WORK TO BE COMPLETED: Go to the line below containing "كنبة مقعدين مقاس" and print exactly from there through the line containing "Load image into", both included. Print nothing else.
-- Opening Marker --
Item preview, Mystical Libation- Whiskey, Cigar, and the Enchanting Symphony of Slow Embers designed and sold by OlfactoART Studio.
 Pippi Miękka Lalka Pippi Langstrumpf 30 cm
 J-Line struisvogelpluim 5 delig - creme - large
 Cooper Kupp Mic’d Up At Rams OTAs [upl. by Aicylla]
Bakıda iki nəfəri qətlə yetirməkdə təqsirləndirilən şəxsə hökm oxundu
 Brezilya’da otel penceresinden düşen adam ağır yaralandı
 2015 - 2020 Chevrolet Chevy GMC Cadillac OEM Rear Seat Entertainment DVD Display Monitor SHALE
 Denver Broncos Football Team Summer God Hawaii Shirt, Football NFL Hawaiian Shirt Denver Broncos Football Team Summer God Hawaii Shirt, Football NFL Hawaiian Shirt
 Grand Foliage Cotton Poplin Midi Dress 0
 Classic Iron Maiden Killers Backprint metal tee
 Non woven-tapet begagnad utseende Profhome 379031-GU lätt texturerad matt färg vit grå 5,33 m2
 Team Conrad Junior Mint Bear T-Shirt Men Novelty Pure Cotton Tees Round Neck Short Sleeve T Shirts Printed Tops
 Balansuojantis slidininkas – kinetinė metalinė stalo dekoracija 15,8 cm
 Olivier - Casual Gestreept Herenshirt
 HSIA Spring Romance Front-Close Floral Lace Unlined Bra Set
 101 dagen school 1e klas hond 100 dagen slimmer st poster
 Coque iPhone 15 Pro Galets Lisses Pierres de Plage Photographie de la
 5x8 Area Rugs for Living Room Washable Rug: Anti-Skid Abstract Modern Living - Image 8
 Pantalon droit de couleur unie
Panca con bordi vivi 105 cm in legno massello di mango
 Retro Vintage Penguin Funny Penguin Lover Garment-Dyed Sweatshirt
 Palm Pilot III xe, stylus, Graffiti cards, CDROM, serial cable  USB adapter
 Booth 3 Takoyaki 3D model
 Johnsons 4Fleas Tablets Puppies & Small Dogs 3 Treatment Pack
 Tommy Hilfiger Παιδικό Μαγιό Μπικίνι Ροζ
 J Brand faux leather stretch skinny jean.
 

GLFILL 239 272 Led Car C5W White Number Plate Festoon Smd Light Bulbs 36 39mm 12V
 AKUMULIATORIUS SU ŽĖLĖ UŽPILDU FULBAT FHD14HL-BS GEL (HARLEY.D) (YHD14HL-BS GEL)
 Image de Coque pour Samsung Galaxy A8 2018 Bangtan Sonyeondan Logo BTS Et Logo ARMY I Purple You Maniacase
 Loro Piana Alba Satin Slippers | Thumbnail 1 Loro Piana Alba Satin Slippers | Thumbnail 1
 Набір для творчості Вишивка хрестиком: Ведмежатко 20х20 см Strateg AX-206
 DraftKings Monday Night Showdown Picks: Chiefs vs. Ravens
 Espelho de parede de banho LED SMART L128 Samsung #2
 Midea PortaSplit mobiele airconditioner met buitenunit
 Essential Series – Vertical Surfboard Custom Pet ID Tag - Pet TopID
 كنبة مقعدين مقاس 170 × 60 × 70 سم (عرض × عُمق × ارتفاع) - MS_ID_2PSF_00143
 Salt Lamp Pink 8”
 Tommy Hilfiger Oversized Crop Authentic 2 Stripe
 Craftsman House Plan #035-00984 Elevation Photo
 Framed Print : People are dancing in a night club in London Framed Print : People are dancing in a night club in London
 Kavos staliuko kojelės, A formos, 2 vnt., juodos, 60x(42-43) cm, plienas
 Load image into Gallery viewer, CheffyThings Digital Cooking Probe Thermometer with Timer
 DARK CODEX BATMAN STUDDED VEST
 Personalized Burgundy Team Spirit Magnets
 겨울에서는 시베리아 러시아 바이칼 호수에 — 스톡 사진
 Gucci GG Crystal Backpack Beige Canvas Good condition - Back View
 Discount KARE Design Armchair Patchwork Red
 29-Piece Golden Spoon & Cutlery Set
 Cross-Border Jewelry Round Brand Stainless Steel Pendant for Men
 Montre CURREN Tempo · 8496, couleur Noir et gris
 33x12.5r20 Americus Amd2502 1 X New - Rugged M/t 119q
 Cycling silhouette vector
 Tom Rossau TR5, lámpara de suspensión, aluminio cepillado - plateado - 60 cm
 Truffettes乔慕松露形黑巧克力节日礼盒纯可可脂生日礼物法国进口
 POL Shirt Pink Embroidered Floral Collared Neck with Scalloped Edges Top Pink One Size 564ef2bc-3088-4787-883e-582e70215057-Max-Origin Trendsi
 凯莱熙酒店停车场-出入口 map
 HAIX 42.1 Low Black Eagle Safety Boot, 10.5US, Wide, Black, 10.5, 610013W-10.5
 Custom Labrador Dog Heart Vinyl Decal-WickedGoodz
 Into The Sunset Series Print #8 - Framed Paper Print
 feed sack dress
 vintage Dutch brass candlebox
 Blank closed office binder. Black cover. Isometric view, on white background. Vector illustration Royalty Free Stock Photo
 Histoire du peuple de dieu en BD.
-- Closing Marker --
ANSWER SECTION:
 كنبة مقعدين مقاس 170 × 60 × 70 سم (عرض × عُمق × ارتفاع) - MS_ID_2PSF_00143
 Salt Lamp Pink 8”
 Tommy Hilfiger Oversized Crop Authentic 2 Stripe
 Craftsman House Plan #035-00984 Elevation Photo
 Framed Print : People are dancing in a night club in London Framed Print : People are dancing in a night club in London
 Kavos staliuko kojelės, A formos, 2 vnt., juodos, 60x(42-43) cm, plienas
 Load image into Gallery viewer, CheffyThings Digital Cooking Probe Thermometer with Timer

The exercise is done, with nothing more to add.